Exercise aim —
Below are some records. Retype exactly the lines from the one containing "Toothache Day Laptop Case" through the one containing "CHÍNH HÃNG 100%]", both included, skipping every picture.

Exercise materials —
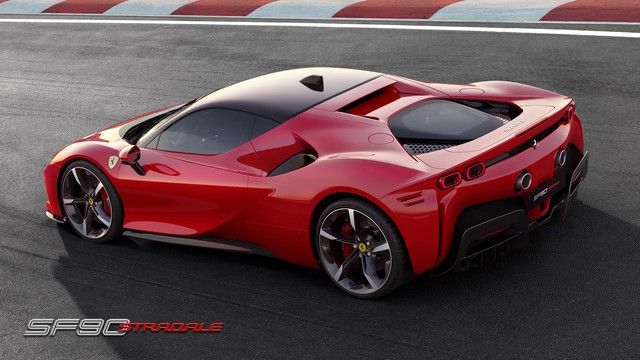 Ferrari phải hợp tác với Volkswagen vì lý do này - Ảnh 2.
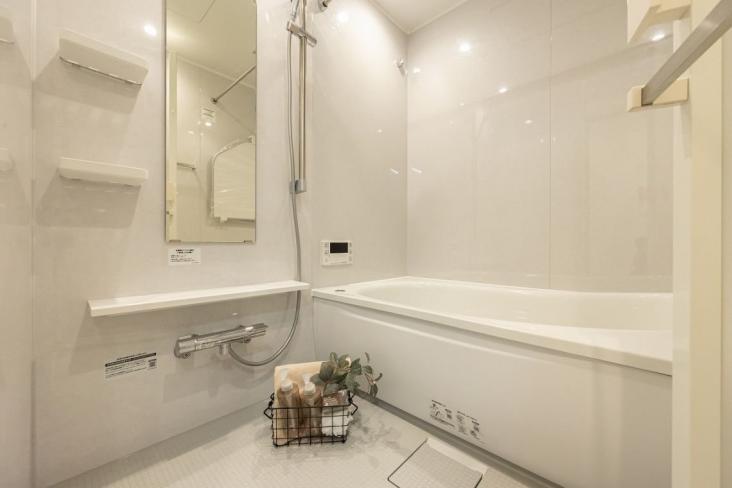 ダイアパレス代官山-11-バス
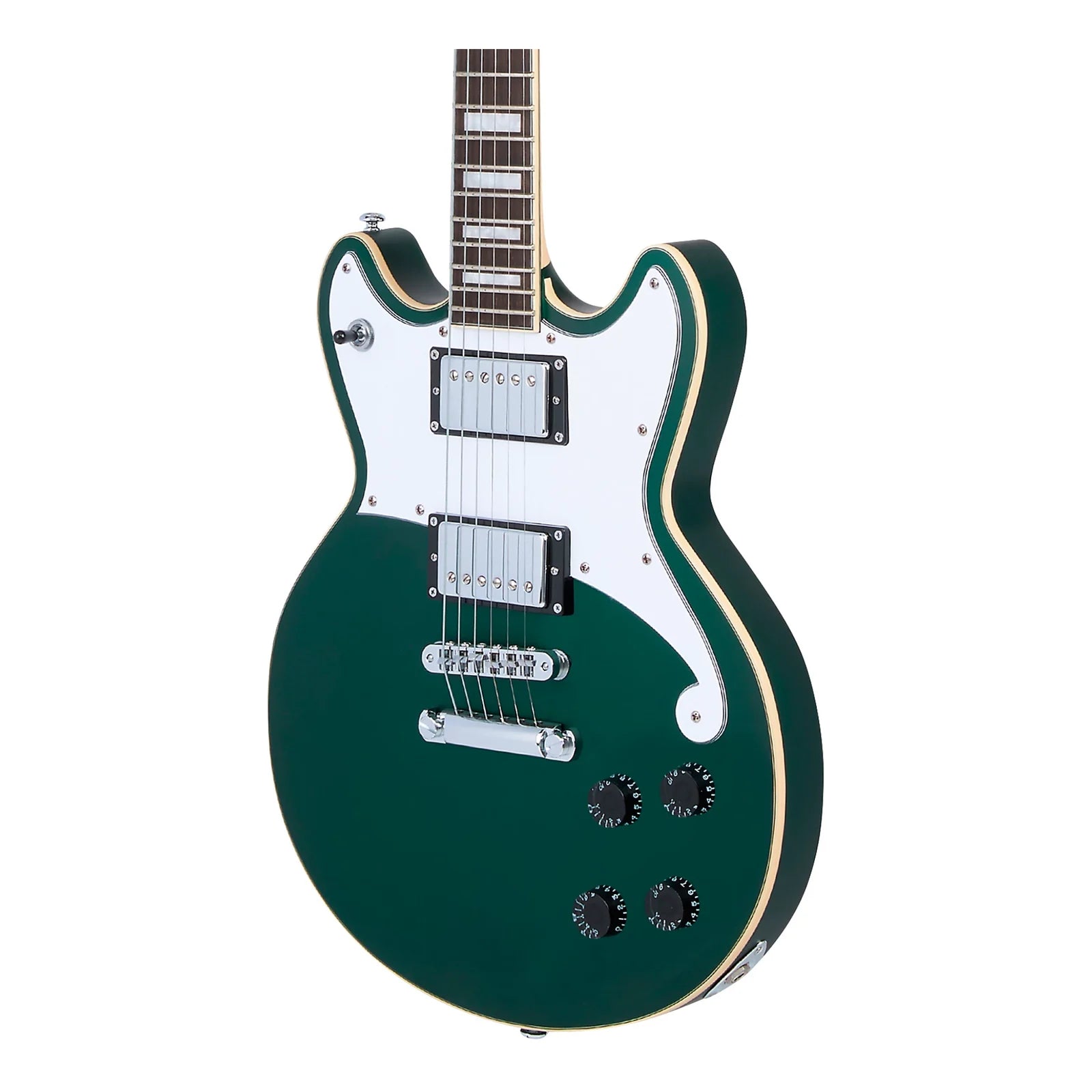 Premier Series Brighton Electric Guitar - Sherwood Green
...
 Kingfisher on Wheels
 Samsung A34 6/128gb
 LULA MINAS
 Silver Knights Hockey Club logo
==
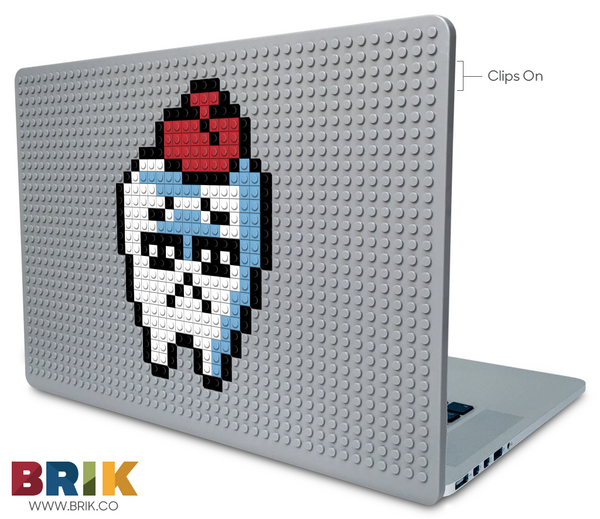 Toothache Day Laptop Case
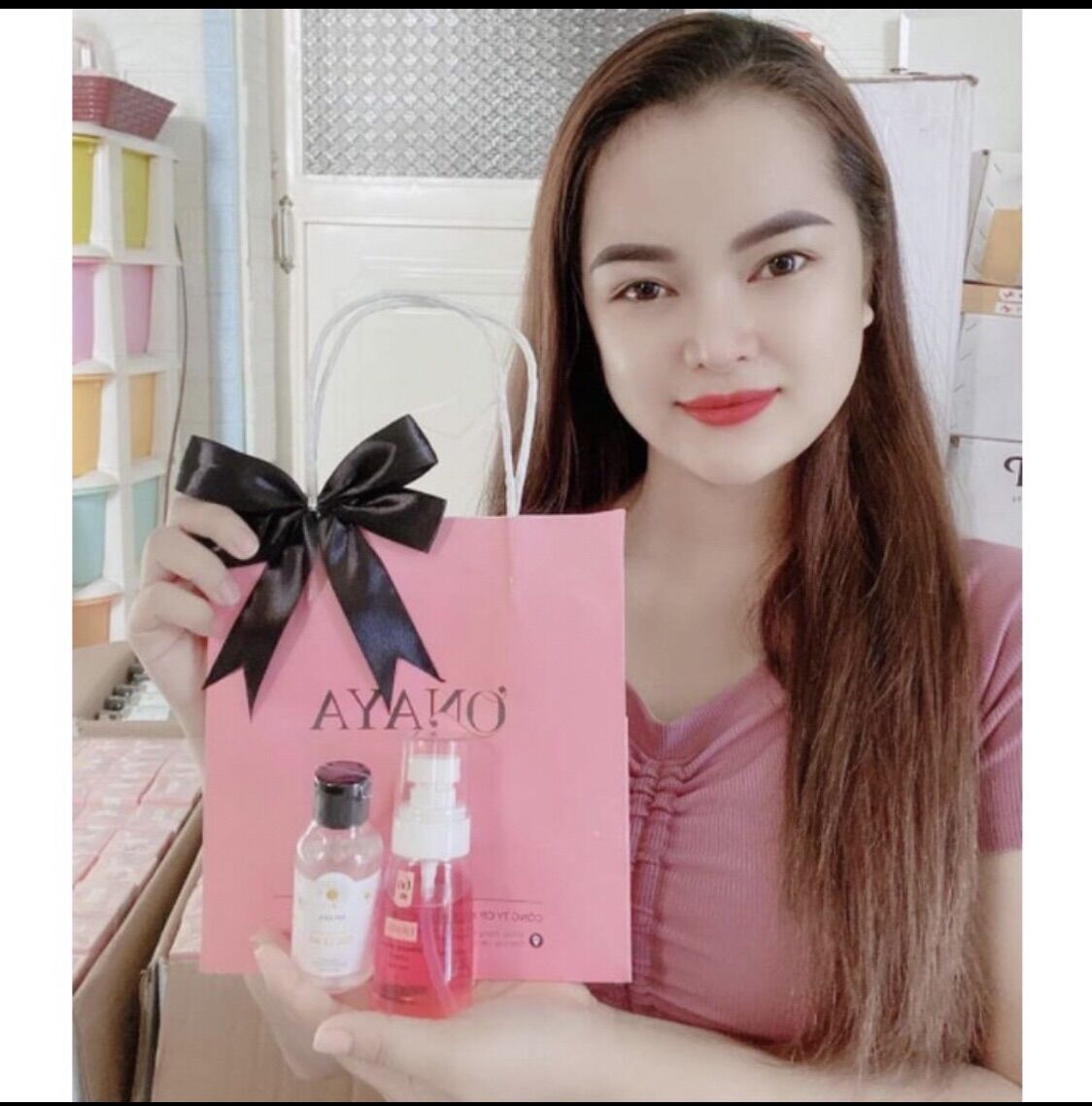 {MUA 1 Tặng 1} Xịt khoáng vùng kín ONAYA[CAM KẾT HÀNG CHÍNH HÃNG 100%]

Response to this task —
 Toothache Day Laptop Case
 {MUA 1 Tặng 1} Xịt khoáng vùng kín ONAYA[CAM KẾT HÀNG CHÍNH HÃNG 100%]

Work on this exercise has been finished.